By: Connor Pattinson
In a recent poll of students from the Lone Star State, most of them were failing at least one class. This is, of course, because they are incompetent buffoons. More importantly, however, they were blissfully unaware that they were failing after week six of classes.
One Texas student said, “I only missed one grading period! I thought it was just gonna be a little late, I didn’t expect to miss it completely. There was no way I could have known until after week six!”
When asked about the controversy, teachers simply replied that students should take more accountability and that no exceptions would be made for any reason, no matter how invasive. One professor stated, “Maybe if they didn’t want to get a failing grade, they shouldn’t have dressed like that. I mean, if students don’t want to face these pressures, they shouldn’t enroll before making that lifetime commitment. When I was taught about registering for my classes, I was taught not to register until it was with the class I knew I wanted to spend the rest of my life with.”
Administrations across the state put this arbitrary restriction in place solely to annoy and ruin the lives of their students, yet they themselves do not enforce their own rulings. There is no use of campus police departments, honor councils, or so much as the goddamned mock trial team to enforce the new policy. Instead, middle aged, sexually repressed, goody-two-shoes zealots and right-wing assholes trying to pretend like their 20s weren’t several decades ago are being deputized to enforce this bogus, perhaps even unconstitutional, six week restriction.
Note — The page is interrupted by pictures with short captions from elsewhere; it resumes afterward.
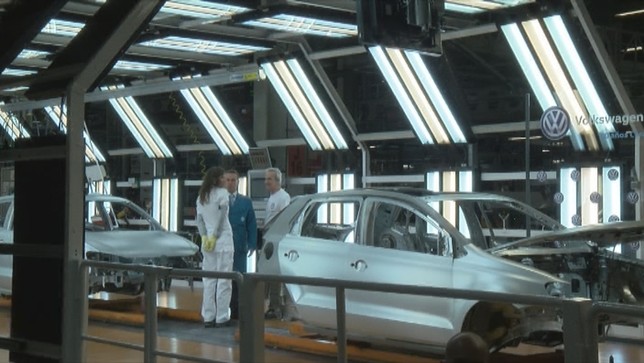 VW amplía su calendario laboral y contratará a 200 personas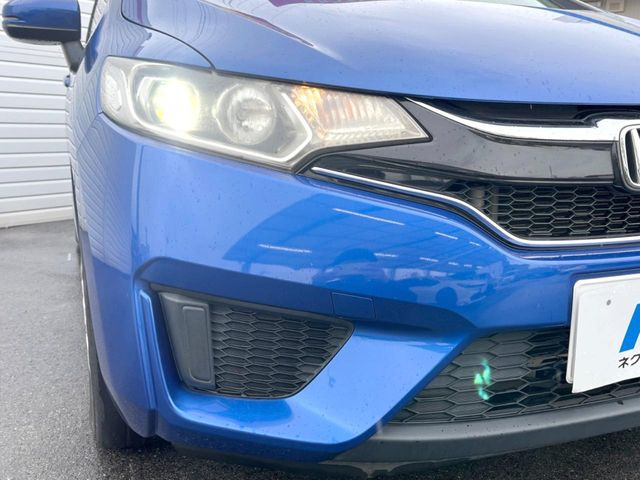 【HIDヘッドライト】非常に明るく前方を照らしてくれるので、悪天候や夜間の走行時も視界良好で安心してお乗りいただけます。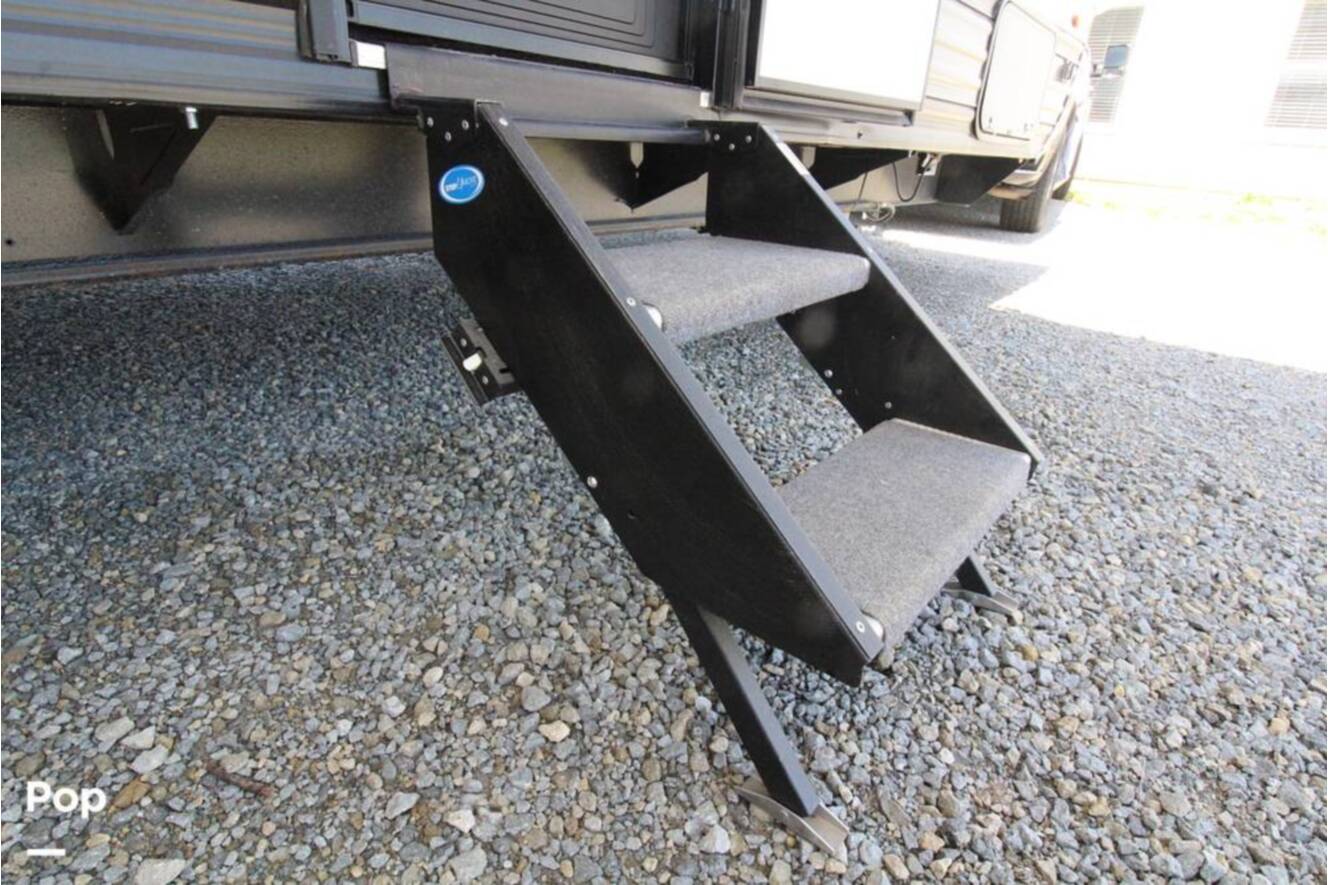 A photo of this 2022 Forest River Wildwood X-lite 263BHXL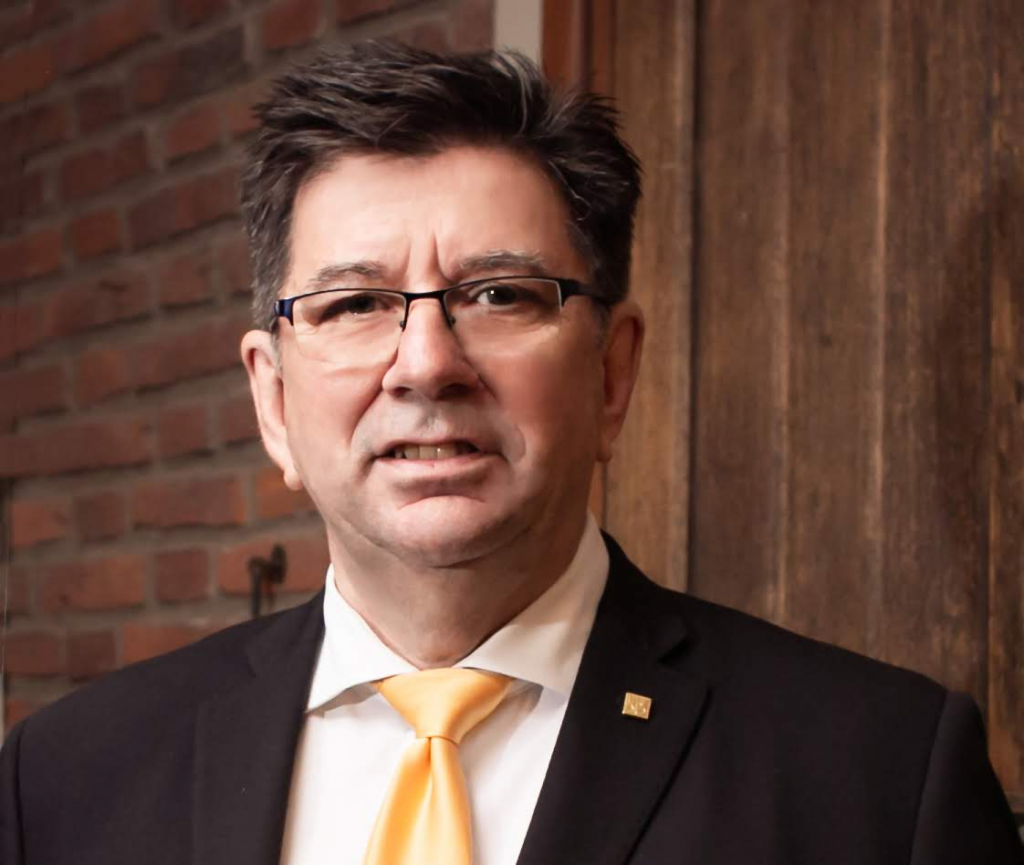 La imagen tiene un atributo ALT vacío; su nombre de archivo es Ingeniero-Capello-1024x865.png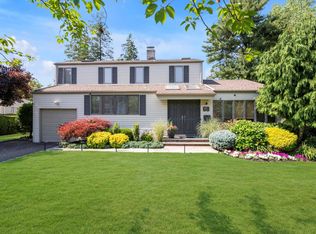 68 Argyle Rd, Albertson, NY 11507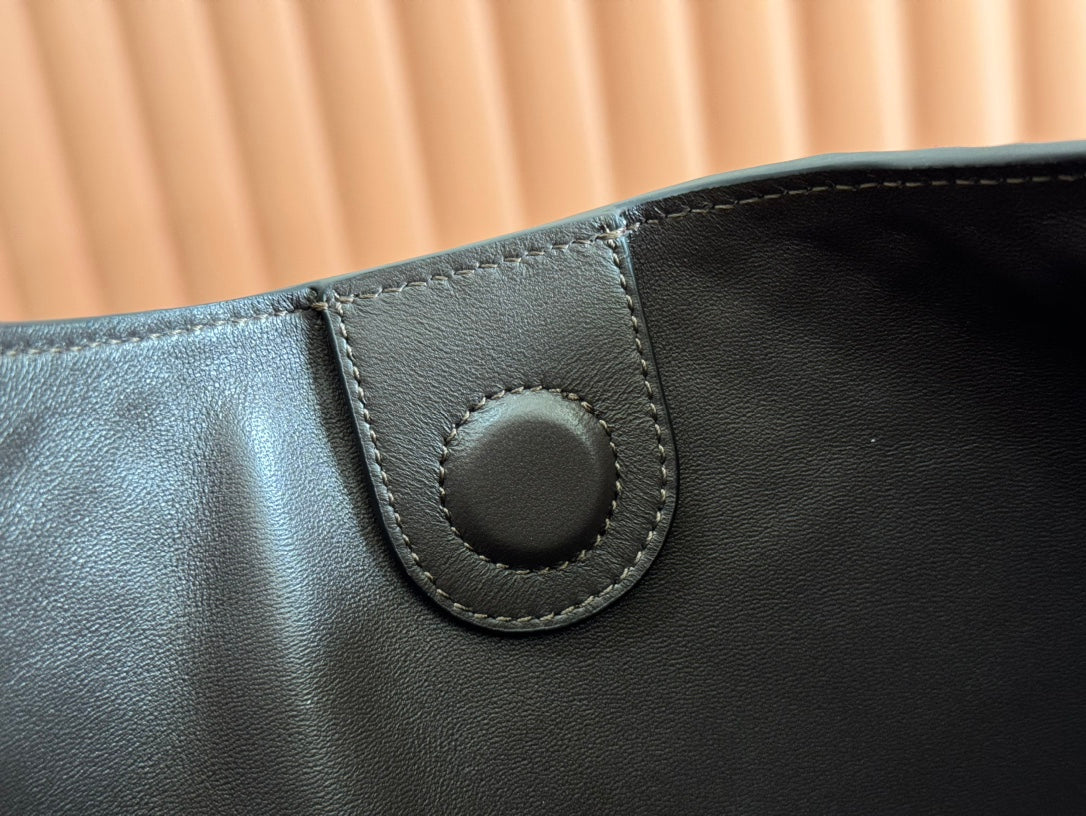 B LARGE SHOULDER BAG 49 IN ROSSO ANCORA RED GG EMBOSSED SUEDE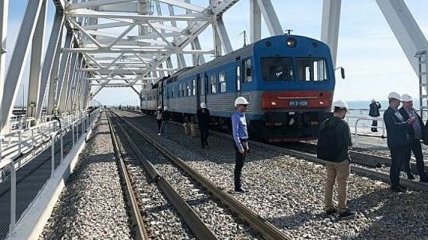 Россия запускает поезда в оккупированный Крым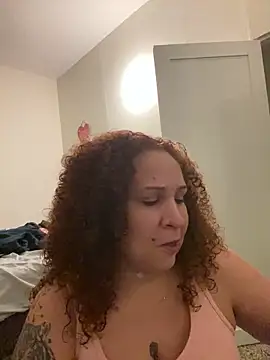 Snapshot of ladycreamypr2 chatting on 02/19/26, 03:24 ladycreamypr2 online show from 02/19/26, 03:24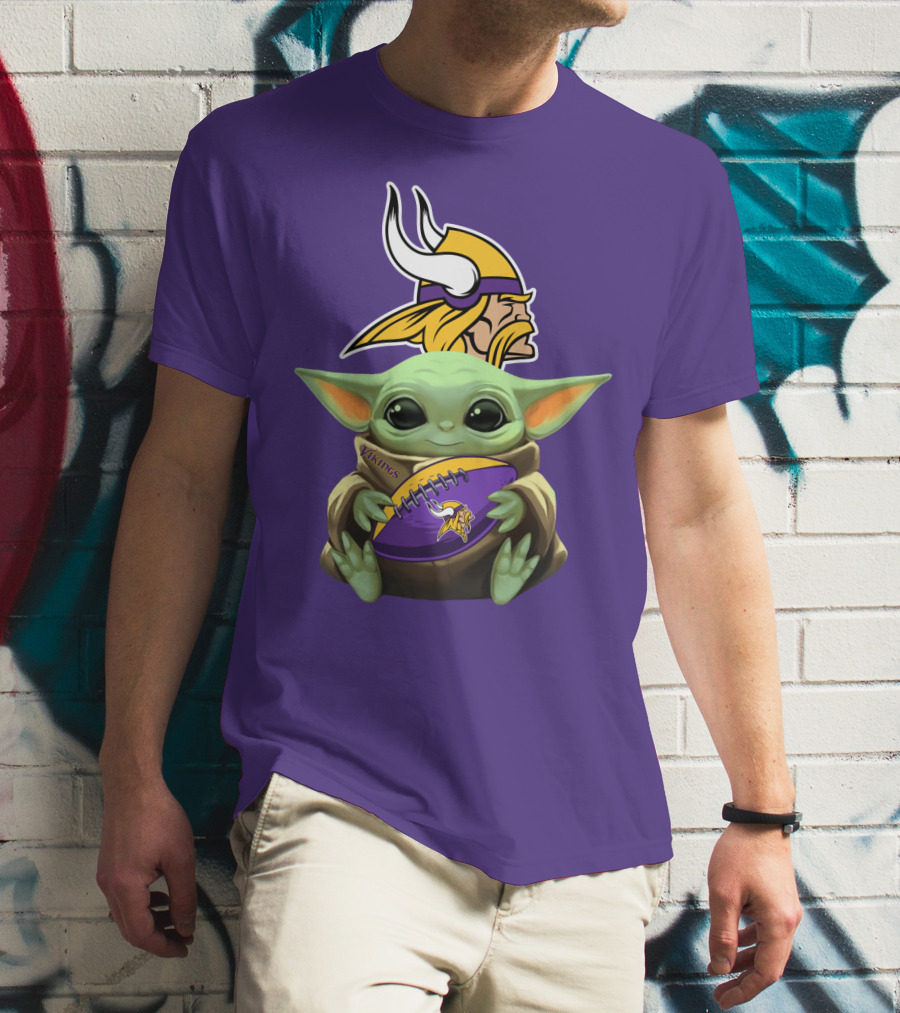 Babyyoda Minnesota Vikings Fan With Football T-Shirt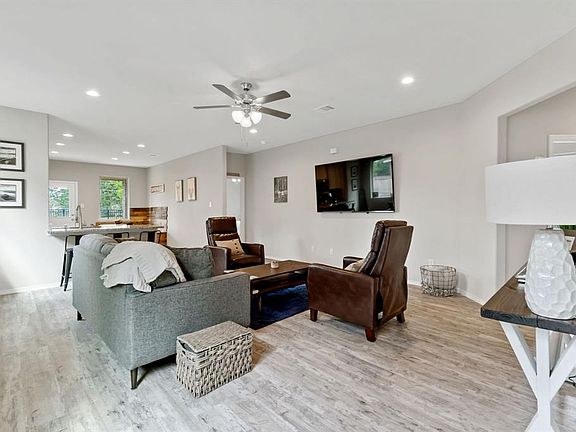 4th image of 16805 Pink Wintergreen Dr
Anyone, even undergraduate advisors trying to ensure students don’t fail out of their first semester of college can be reported and brought in by deputized citizens for a cash reward of “no less than $10,000 in statutory damages per
abortion student class withdrawal, plus costs, attorney’s fees and mandatory injunctive relief.”
Students from other states, including Kentucky, Mississippi and Alabama, have been given up to 20 weeks to drop, even after many of their teachers pushed for a similar six week lock in. This discrepancy has resulted in students attempting to cross state lines just to drop classes, but that’s hardly new for Texas.